Information provided:
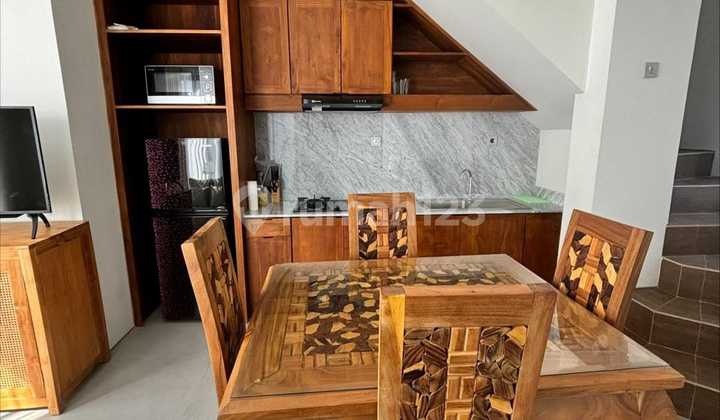 Rumah SHM 2 Lantai Siap Huni Full Furnished Lokasi Jimbaran 2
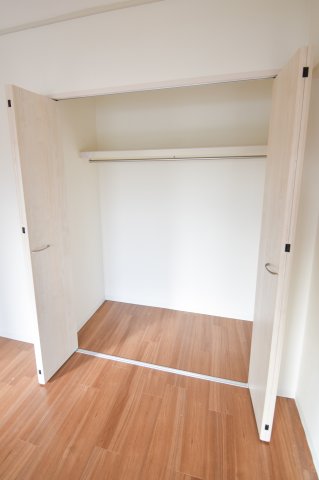 収納　収納があると、お部屋がすっきり片付きますね。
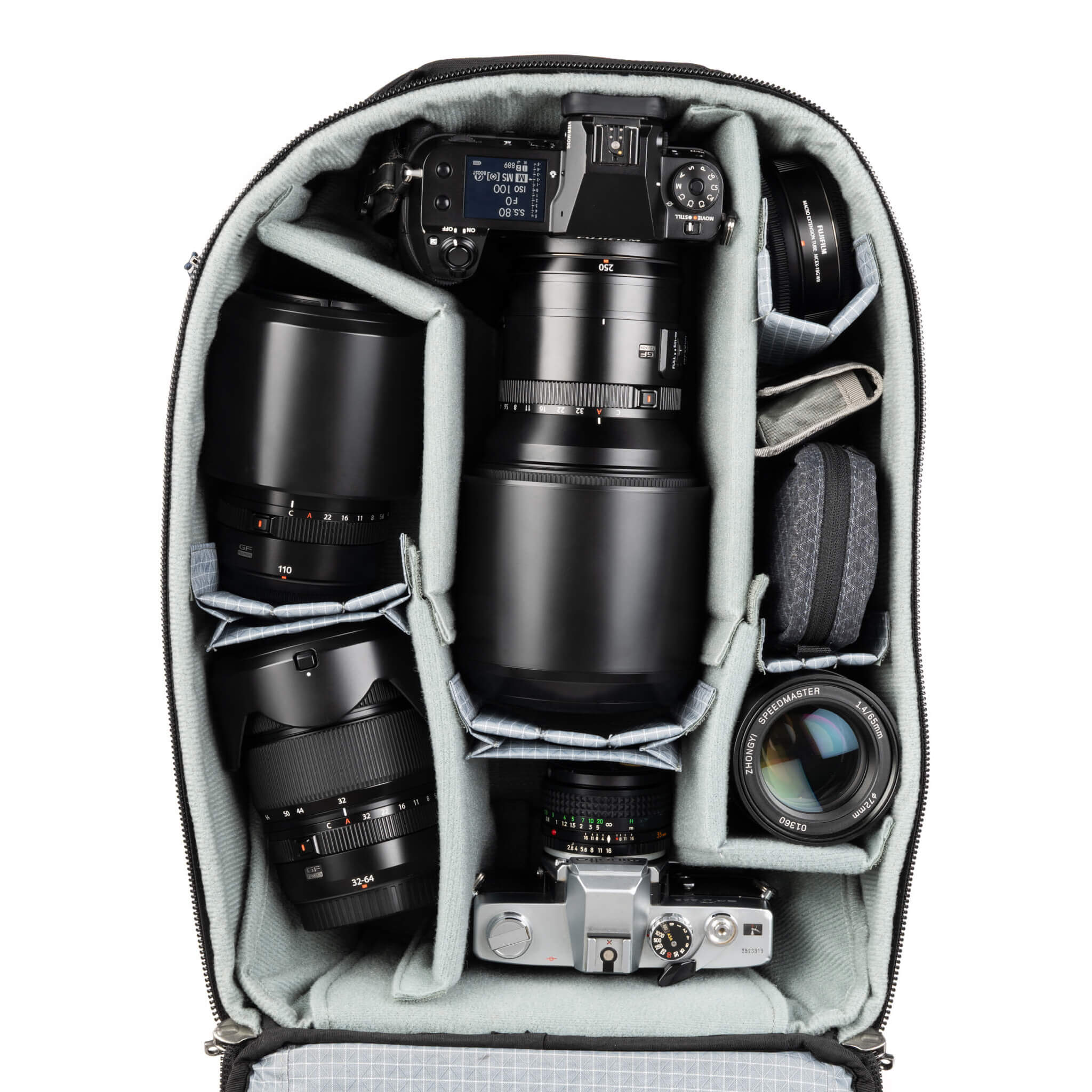 NEW - Airport Essentials™ Rolling Backpack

Aim of the exercise:
Without altering anything, output all the lines above but none of the images.

Answer to the problem:
 Rumah SHM 2 Lantai Siap Huni Full Furnished Lokasi Jimbaran 2
 収納　収納があると、お部屋がすっきり片付きますね。
 NEW - Airport Essentials™ Rolling Backpack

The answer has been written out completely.